● **What you are asked to do**
Search the entries for the word "Size" and copy each line that has it.

(Data extracted from a collection)
# # # # #
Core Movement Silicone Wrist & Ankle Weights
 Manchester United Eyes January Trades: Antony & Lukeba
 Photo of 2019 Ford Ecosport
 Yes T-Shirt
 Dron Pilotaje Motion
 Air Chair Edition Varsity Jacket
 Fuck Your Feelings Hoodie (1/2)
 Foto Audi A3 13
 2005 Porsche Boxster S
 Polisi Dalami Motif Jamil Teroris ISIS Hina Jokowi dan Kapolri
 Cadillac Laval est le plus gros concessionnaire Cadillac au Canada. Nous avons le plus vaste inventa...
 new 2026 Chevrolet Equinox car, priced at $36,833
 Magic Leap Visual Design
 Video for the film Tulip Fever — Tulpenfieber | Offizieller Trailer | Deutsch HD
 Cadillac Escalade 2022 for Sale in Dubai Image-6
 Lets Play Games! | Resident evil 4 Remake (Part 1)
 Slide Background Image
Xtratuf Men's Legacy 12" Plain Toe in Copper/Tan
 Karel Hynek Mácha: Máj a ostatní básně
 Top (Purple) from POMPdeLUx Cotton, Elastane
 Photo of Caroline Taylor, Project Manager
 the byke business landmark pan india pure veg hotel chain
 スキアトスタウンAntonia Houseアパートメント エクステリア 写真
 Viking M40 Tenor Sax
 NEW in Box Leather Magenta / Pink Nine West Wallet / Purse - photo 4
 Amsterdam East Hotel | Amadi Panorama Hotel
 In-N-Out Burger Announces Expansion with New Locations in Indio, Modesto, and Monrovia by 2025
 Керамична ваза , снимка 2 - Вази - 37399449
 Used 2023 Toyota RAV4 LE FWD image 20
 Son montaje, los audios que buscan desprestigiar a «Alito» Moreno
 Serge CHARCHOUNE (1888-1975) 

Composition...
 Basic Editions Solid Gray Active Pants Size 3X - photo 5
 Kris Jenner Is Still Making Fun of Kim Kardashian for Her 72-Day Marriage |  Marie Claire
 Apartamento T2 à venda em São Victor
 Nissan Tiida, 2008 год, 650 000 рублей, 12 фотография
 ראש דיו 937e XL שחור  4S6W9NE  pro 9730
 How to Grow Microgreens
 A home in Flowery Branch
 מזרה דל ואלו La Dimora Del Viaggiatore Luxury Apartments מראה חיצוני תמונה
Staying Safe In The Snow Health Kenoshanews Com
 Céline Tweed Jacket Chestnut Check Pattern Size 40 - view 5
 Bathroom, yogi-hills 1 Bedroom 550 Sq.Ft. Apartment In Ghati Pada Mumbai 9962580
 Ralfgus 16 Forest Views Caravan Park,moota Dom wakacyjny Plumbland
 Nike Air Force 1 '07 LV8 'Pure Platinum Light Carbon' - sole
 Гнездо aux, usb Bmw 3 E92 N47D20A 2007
# # # # #
● **Expected output**
 Basic Editions Solid Gray Active Pants Size 3X - photo 5
 Céline Tweed Jacket Chestnut Check Pattern Size 40 - view 5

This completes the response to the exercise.